Hope1337 / YOWOv3

28 stars 4 forks source link

YOWOv3: An Efficient and Generalized Framework for Human Action Detection and Recognition

This is an implementation of paper : YOWOv3: An Efficient and Generalized Framework for Human Action Detection and Recognition.


Preface

Hello, thank you everyone for your attention to this study. If you find it valuable, please consider leaving a star, as it would greatly encourage me.

If you intend to use this repository for your own research, please consider to cite:

@misc{dang2024yowov3efficientgeneralizedframework,
      title={YOWOv3: An Efficient and Generalized Framework for Human Action Detection and Recognition}, 
      author={Duc Manh Nguyen Dang and Viet Hang Duong and Jia Ching Wang and Nhan Bui Duc},
      year={2024},
      eprint={2408.02623},
      archivePrefix={arXiv},
      primaryClass={cs.CV},
      url={https://arxiv.org/abs/2408.02623}, 
}

About asking question

I am very pleased that everyone has shown interest in this project. There are many questions being raised, and I am more than willing to answer them as soon as possible. However, if you have any doubts about the code or related matters, please provide me with context (config file, some samples that you couldn't detect, a checkpoint, etc.). Also, please use English.


Structure of Instruction

In this Instruction, I will divide it into smaller sections, with each section serving a specific purpose. I will provide a summary of this Instruction structure in order right below. Please read carefully to locate the information you are looking for.


Preparation

Environment setup

Clone this repository

git clone https://github.com/AakiraOtok/YOWOv3.git

Use Python 3.8 or Python 3.9, and then download the dependencies:

pip install -r requirements.txt

Note: On my system, I use Python 3.7 with slightly different dependencies, specifically for torch:

torch==1.13.1+cu117
torchaudio==0.13.1+cu117
torchvision==0.14.1+cu117

However, when testing on another system, it seems that these versions have been deprecated. I have updated the requirements.txt file and tested it again on systems using Python 3.8 and Python 3.9, and everything seems to be working fine. If you encounter any errors during the environment setup, please try asking in the "issues" section. Perhaps someone has faced a similar issue and has already found a solution.

Datasets

UCF101-24

AVAv2.2


Basic Usage

About config file

The project is designed in such a way that almost every configuration can be adjusted through the config file. In the repository, I have provided two sample config files: ucf_config.yaml and ava_config.yaml for the UCF101-24 and AVAv2.2 datasets, respectively. The Basic Usage section will not involve extensive modifications of the config file, while the customization of the config will be covered in the Customization section.

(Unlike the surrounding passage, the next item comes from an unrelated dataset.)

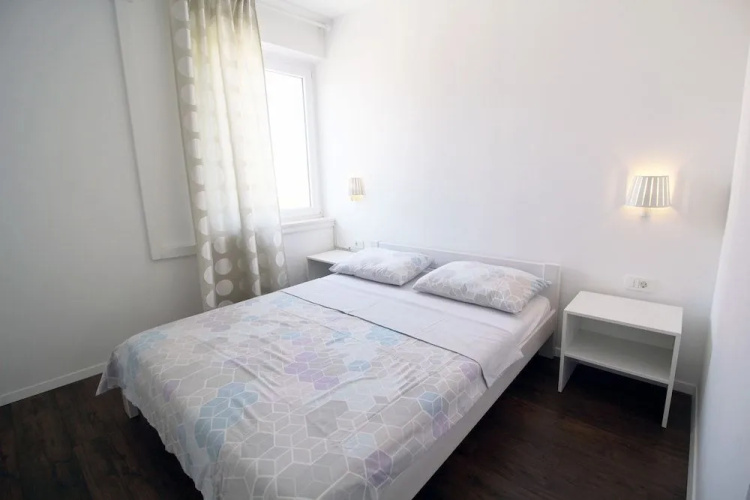 Apartment Split Lazarica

Warning!: Since all configurations are closely related to the config file, please carefully read the part Modify Config file in the Customization section to be able to use the config file correctly.

Simple command line

We have the following command template:

python main.py --mode [mode] --config [config_file_path]

Or the shorthand version:

python main.py -m [mode] -cf [config_file_path]

For [mode] = {train, eval, detect, live, onnx} for training, evaluation, detection (visualization on the current dataset), live (camera usage) or export to onnx and inference respectively. The[config_file_path] is the path to the config file.

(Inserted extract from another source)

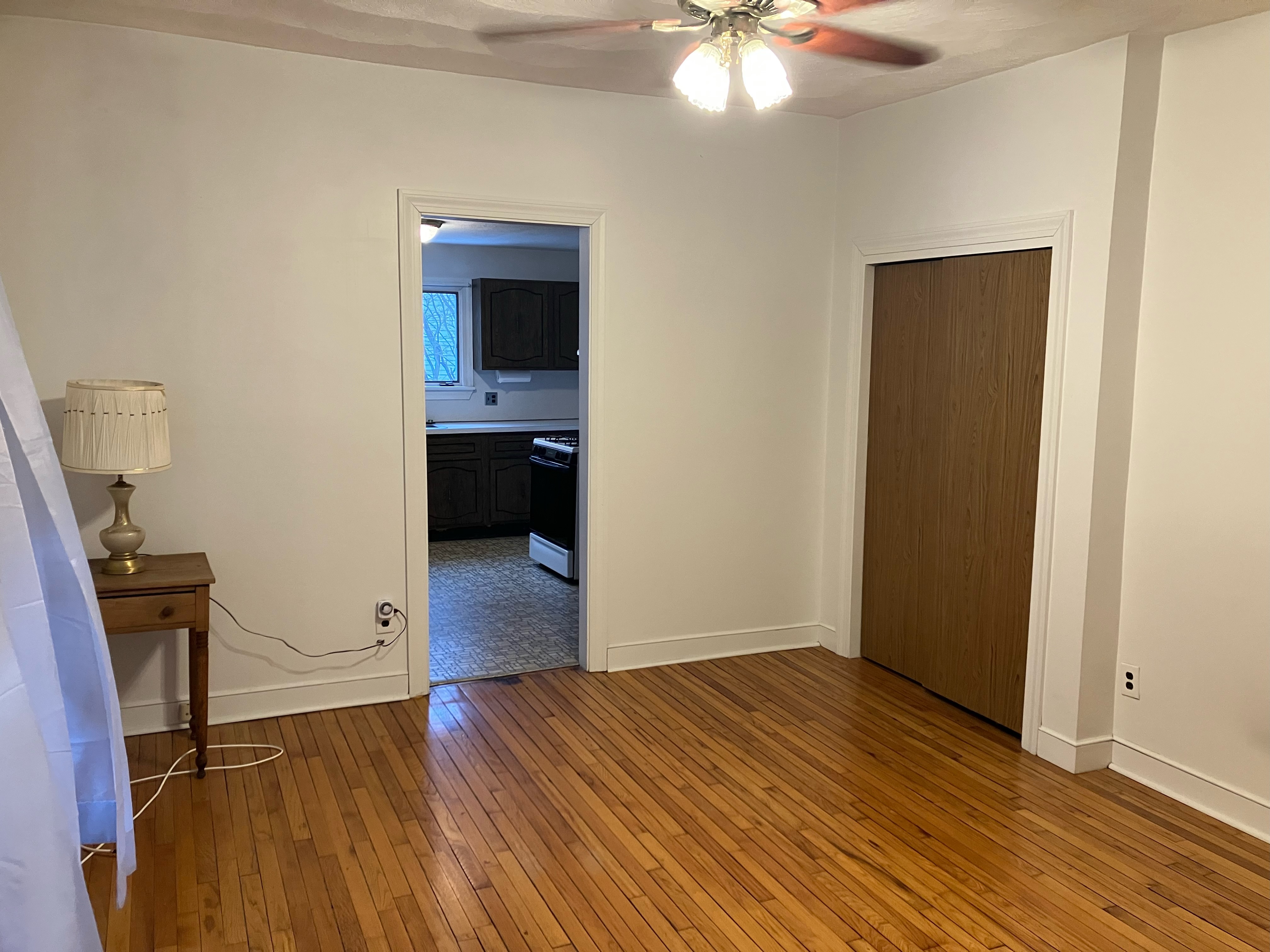 77 Wendell St, Harvard Square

Example of training a model on UCF101-24:

python main.py --mode train --config config/ucf_config.yaml

Or try evaluating a model on AVAv2.2:

python main.py -m eval -cf config/ava_config.yaml

Customization

Modify Config file

There are some notes about the config file:

import yaml

def build_config(config_file='config/ucf_config.yaml'):
    with open(config_file, "r") as file:
        config = yaml.load(file, Loader=yaml.SafeLoader)

    if config['active_checker']:
        pass

    return config

Custom Dataset

I know why you are here, my friend =)))))

You can build a custom dataset for yourself, however, make sure to carefully read the notes below to do it correctly.

Firstly, every time you want to use a dataset, simply call the build_dataset function as shown in the example code:

    dataset = build_dataset(config, phase='train')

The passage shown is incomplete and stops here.